Sabah telefonun alarm sesine uyandı, apar topar hazırlanıp evden çıktı. Ardında bir çift kırmızı terliklerini bırakarak. Yatakta hâlâ uyumakta olan eşine şöyle bir son kez baktı öpmemişti. Ayakkabılarını giydiği için tekrar odaya gitmeye üşendi…
O gün toplantısı olduğu için biraz gergindi. Kahvaltı yapmak şişkinlik yapacağı için poğaça, simit ıvır zıvır yemekten de vaz geçti. Yönetim kurulunu beklemeye karar verdi. O sırada son kez sunumunu yapacağı dosyasını elden geçirdi. Şu toplantıyı bir anlatayım bir de terfi alayım başka bir şey istemiyorum, diyecek oldu ama aklına İzmir’de hayalîni kurduğu yazlık gelince sustu.
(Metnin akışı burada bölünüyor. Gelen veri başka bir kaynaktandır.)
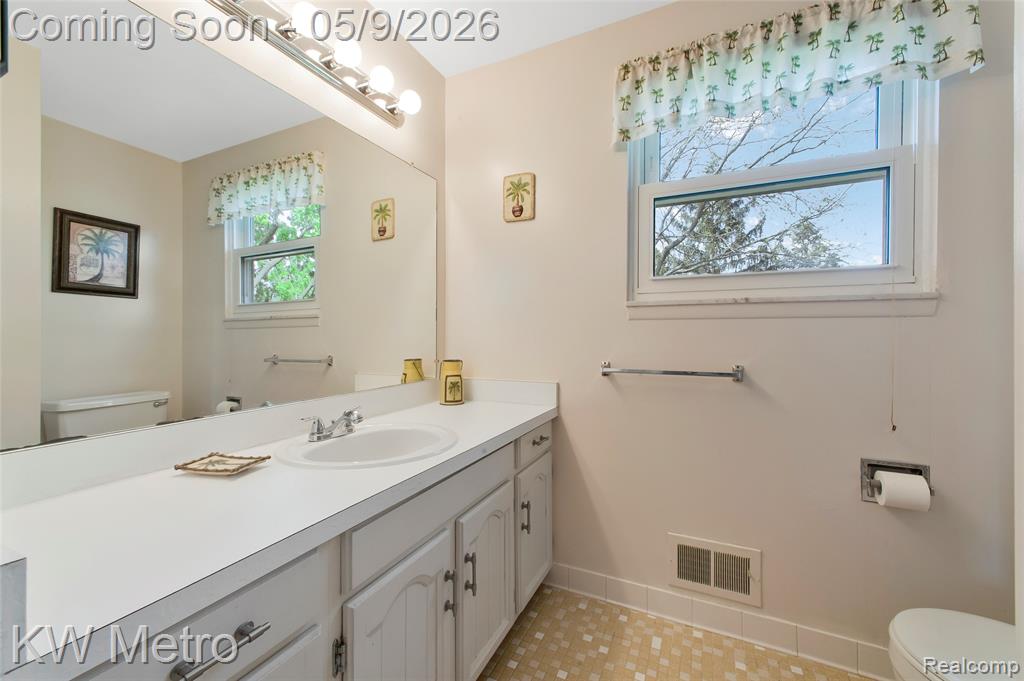 477 Coldiron Drive, Rochester Hills, MI 48307 — Photo 27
Bir de o çok istediği takımlar ve arabanın değişmesi gerektiği, duvar kağıtlarının yenilenmesi…
Tüm bunları düşünürken telefonu çaldı. Arayan güvenlikçi kargosunun geldiğini söyleyip teslim alması için ricada bulunuyordu. Merak içerisinde hızlı hızlı koşar adımlarla giderken bir anda ne olduğunu bile anlamadan kendisini bir kargaşanın içerisinde buldu. Durumu analiz etmeye ortamı sakinleştirmeye çalışırken hiç ummadığı bir anda bir acı ile irkildi. Vücudu buz kesti. Titremeye başladı. Kör bir kurşunun saplanması ile ortalık oluk oluk akan kan ile boyandı. Birileri yarasına tampon yapmaya çalışırken, onun gözünün önünden son saatler yaşadıkları geçti birer birer…
Evden çıkarken bir çift terlik bırakıyorsun ardında. O terliğin içinde bıraktığı sıcaklığı soğumuş muydu? Eşi her gördüğünde kırmızı terliklerini anacak mıydı yoksa cenaze günü kapının önüne mi koyacaktı bir gariban alsın sevap olur diye! Son bakışının o gün olacağını bilmeden çıktığında öpmediğinin pişmanlığı, yuva sıcaklığıyken adının yasa dönüşeceğini gün gelip gözlerden yaş olup silineceğini nereden bileceksin?
Nereden bileceksin ki “iş” diye gittiğin yerde ömrünün kışını yaşayacağını. Dünya telaşesine daldığında son bulmayan isteklerinin sen daha hazır değilim dedikçe bir anda son bulmasına…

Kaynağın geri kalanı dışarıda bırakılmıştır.